Berry officially named Kwesi Adofo-Mensah as VP of football operations and former Colts general manager Ryan Grigson a senior football advisor.
Adofo-Mensah spent the past seven years with San Francisco where he was most recently the 49ers director of football research and development. He will work closely with Berry and the rest of the senior football staff to contribute to all roster and strategy decisions as well as assist Berry with the day-to-day operations of the department.
“I think he brings a nice blend of both an insider and an outsider perspective to football,” Berry said. “I think probably the best part of him is just the person. He is humble, high integrity, a continuous learner, true growth mindset and he has fantastic interpersonal and people skills — in terms of someone who can be both a strategic thought partner with all the big decisions that we make, someone who has the capacity to be an outstanding manager as he helps run the day-to-day of the team, and then just someone who is going to get along with the really strong group that we have already. I think he is really a perfect fit to add to the mix.”
Before entering the NFL, Adofo-Mensah was an associate portfolio manager at Taylor Woods Capital and a VP/executive director at Credit Suisse as a commodities trader. Adofo-Mensah played basketball at Princeton, where he graduated with a bachelor’s degree in economics. He received his master’s in economics from Stanford.
“I came into San Francisco and was a clean slate and I got my football foundation put in by so many; Ed Donatell, Vic Fangio, Tom Gamble, Ethan Waugh, Ran Carthon, Tom Rathman and Bobby Turner, Kyle Shanahan, Mike Shanahan, Eric Mangini, Jason Tarver, Martin Mayhew and John Lynch. My football foundation has been put in by some of the greats and all I've done is try to learn and see the intuition put into it. I'm not the guy who's going to tell a traditional scout a trait is wrong or something like that. I know enough to ask good questions and see how we can get better information and make a good decision.
“Having been at the 49ers for a long time and especially these last few years, you see the benefits of working in an aligned culture.

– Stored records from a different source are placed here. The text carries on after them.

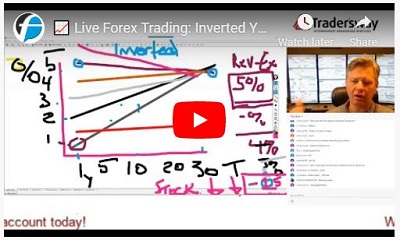 Webinar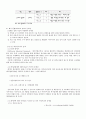 [건축과] 콘크리트 배치 플랜트 (concrete batch plant) 5페이지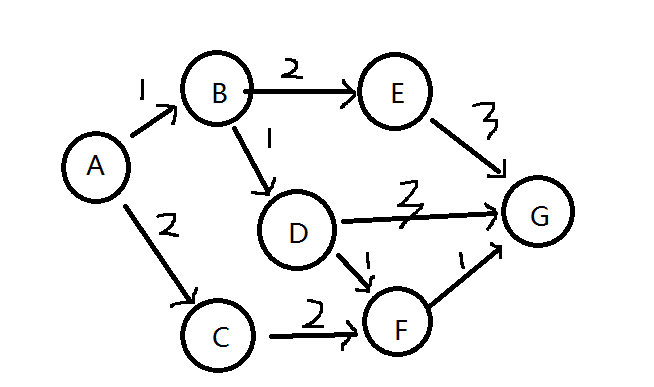 PHP如何實現(xiàn)迪科斯徹最短路徑算法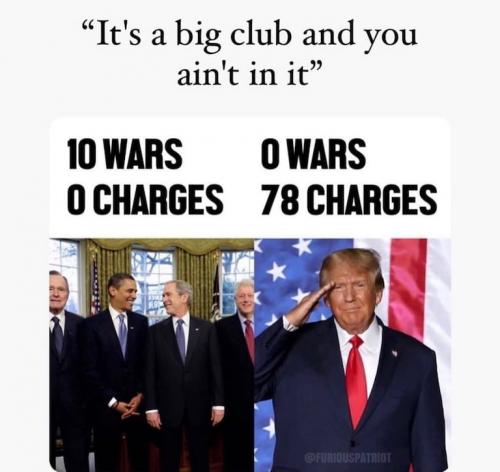 OBAMA WARS 666666666666666666666666666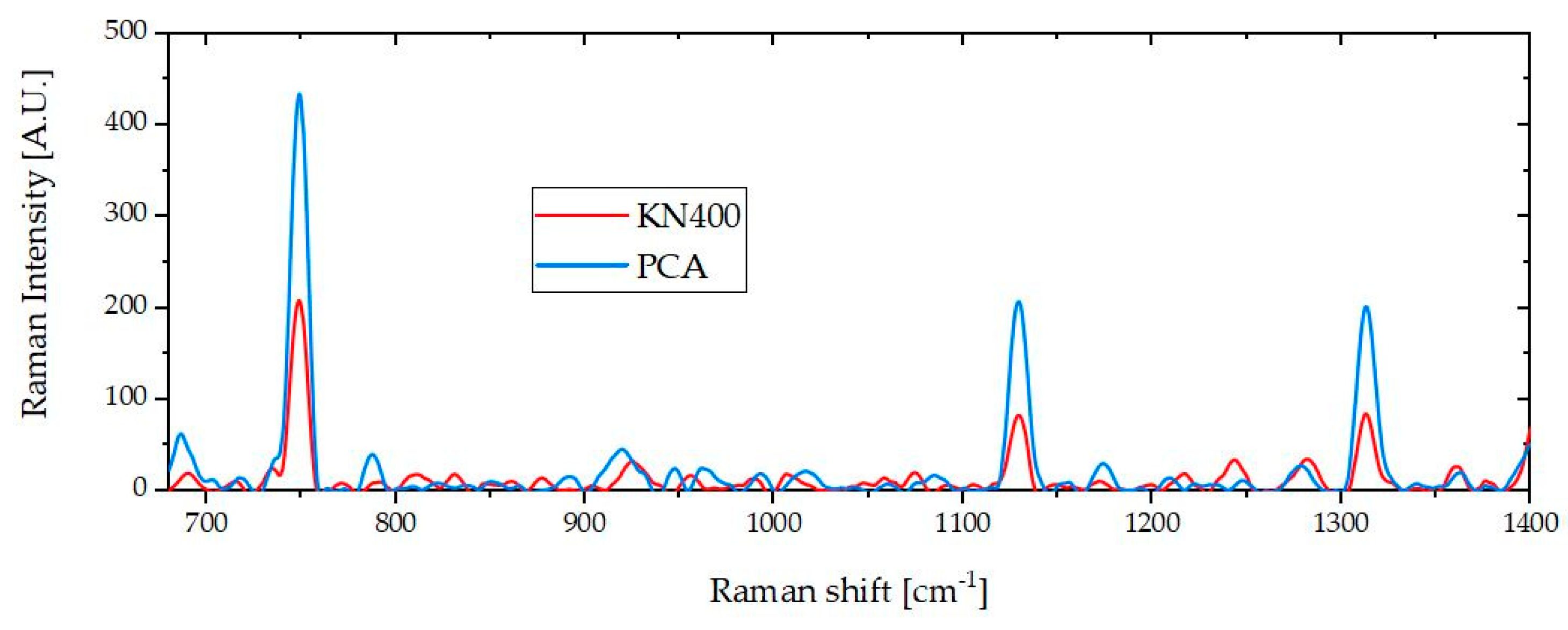 Molecules 24 00646 g003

What Cleveland has been building for the last few years to this point of a completely aligned culture, I was really excited to come join that. Winning in a place like this would be something incredible where people care. They care about football on Sundays entirely on a level that's just inspiring. To come to a place and potentially be able to win, it was an opportunity I couldn't pass up.”
Grigson officially returns to the Browns after spending four months as an advisor. He was a senior personnel executive in 2017 prior to joining the Seahawks as a consultant the last two years. Before joining the Browns in 2017, Grigson was the GM of the Colts from 2012-16, a stretch that saw the team advance to the playoffs and win 11 games in three consecutive seasons.
“I'm just really, really grateful,” Grigson said. “From the Haslam family on down. Everyone has been so open and collaborative and everybody has their own niche but they kind of just come together. It was neat to see them come together in the process leading up to the draft.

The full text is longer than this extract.